TRADING PALS?: Estonia may get most-favored nation status from Russia even before Russia becomes member of the World Trade Organization. Tiit Matsulevits, Estonian ambassador to Russia, said that economic interest groups connected with acting President Vladimir Putin are inducing Russia to move ahead. Estonia is one of the few countries in Europe with which Russia has not chosen to have most favored nation status. Estonian diplomats have earlier expressed the hope that the situation will be solved by Estonia's membership in the WTO, because Russia is also aspiring to become a member of the organization. It is unlikely, however, that Russia will become a member of the WTO before 2003.

SEEING STARS: A classification commission found on March 16 Tallinn's Grand Hotel Mercure and Park Hotel to be up to the four star standard. Tourism Office deputy general director Anne Hermlin said that the commission also discussed an application by Hotel St. Petersburg, but found that it will comply with four star requirements after certain upgrades on services to disabled clients. In the near future, the commission will decide on the assignment of two stars to the Kuressaare Sanatoorium Hotel.

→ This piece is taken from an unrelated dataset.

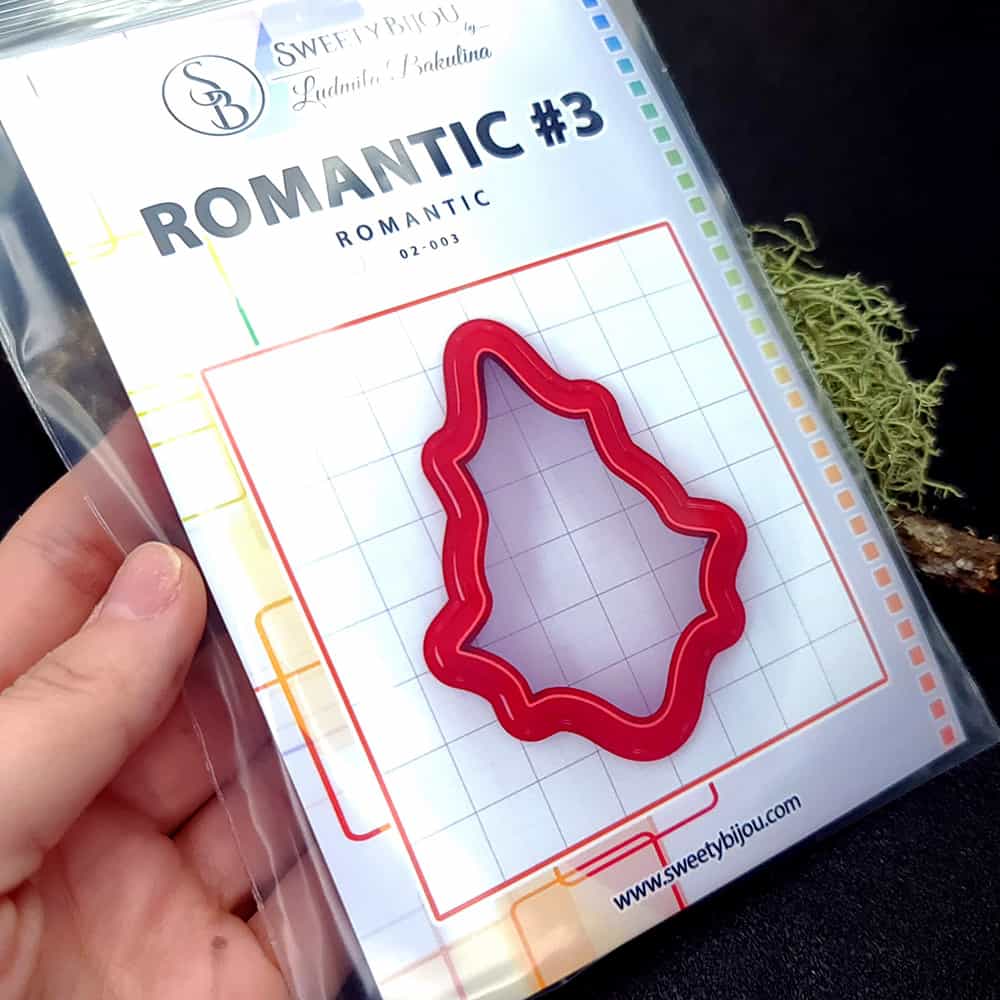 Wave-Edged Heart Clay Cutter Plastic Cutters SweetyBijou Tools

TWICE AS MANY ESTONIANS ON INTERNET: Up to the end of the year, the three Baltic states will have about 850,000 Internet users in total, Einars Bindemanis, president of ISP Delfi said. Currently about 280,000 Internet users are located in the Baltic countries, of which Estonia has 150,000, Latvia, 70,000 and Lithuania, 60,000. A major boost on the Internet market can be expected in Latvia and Lithuania, because of comparatively small figures at this time, Bindemanis said.

BAD NEWS ON ST PADDY'S: MeritaNordbanken Latvia concluded business last year with losses at 1,268,000 lats ($2.15 million), the bank's president, Esa Toumi, said on March 17. He attributed the losses to continued allocation of resources for the bank's development and creation of accruals.

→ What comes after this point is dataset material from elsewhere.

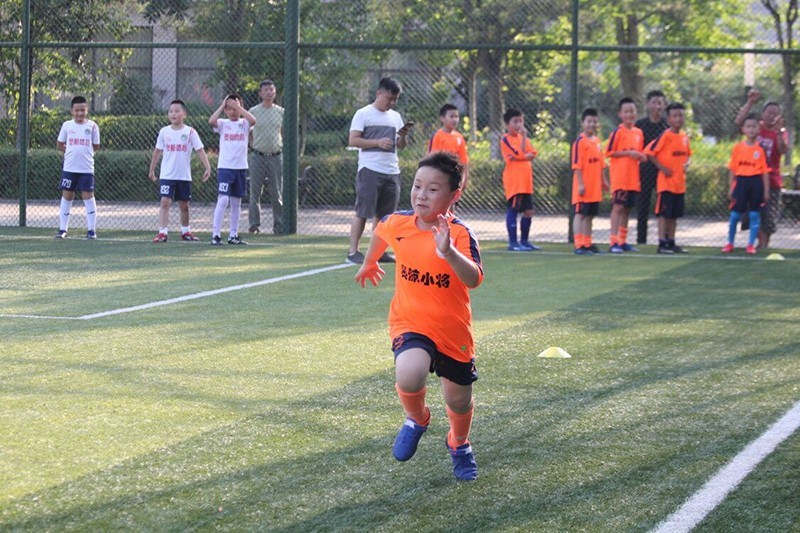 四川南充澳航小球员,南充奥航陈宇航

PREATONI SELLS INVESTORS ON VEF:A new commercial center of 46,000 m2 from Italian entrepreneur Ernesto Preatoni's company on the property of the former VEF factory will be opened in the spring of 2002. All in all, $60 million- $65 million will be invested in the center, and 1,000 people will be employed daily, Preatoni announced March 16. Plans envisage a supermarket, several specialty stores, a mall of 70-100 small and medium-sized stores, cafes and restaurants, as well as 10 cinemas and recreation areas. A tender for construction will be announced this summer.

COMMERCIAL REGISTER GOES TECH: Faster client service and better transparency are the this year's key objectives for Estonia's commercial register which has been criticised for red tape and slow handling of requests, business daily Aripaev reported March 17. According to Viljar Peep, head of the register service, the register plans to invest in information technology so that with the help of computers, the register will be able to speed up handling of inquiries on company backgrounds. When the data is computerized, it should be possible to publicly follow processing of commercial registry documents via Internet.

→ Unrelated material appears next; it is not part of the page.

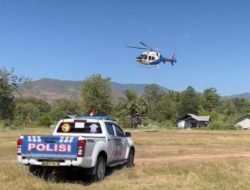 Bantuan Pertama Tiba, Helikopter Polri Tembus Dua Desa Terisolasi di Ende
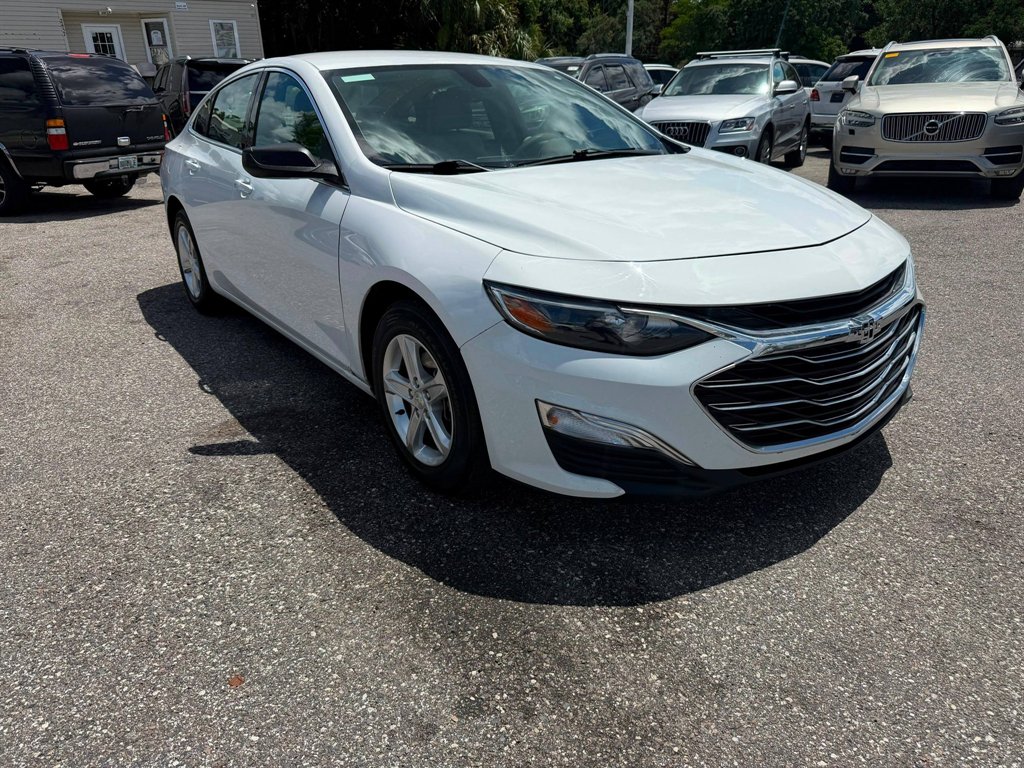 2020 Chevrolet Malibu - $9,995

PENSIONS SORTED OUT: The Lithuanian and Belarussian Ministries of Social Security and Labor signed an agreement on the procedure of calculating, transferring and payment of pensions and allowances in Vilnius on March 17. The agreement had to be signed in compliance with the provisions in the Lithuanian-Belarussian agreement on social security, the ministry's press center reported. The agreement stipulates that pensions and allowances are calculated by respective institutions in both countries in compliance with the existing laws and regulations. When a pensioner moves to another country, his pension is transferred to the country of his residence. In cases when a person spent part of his working life one country paying towards his pension and then moved to another country, the old age pension is calculated jointly by both countries according to the respective laws of each country.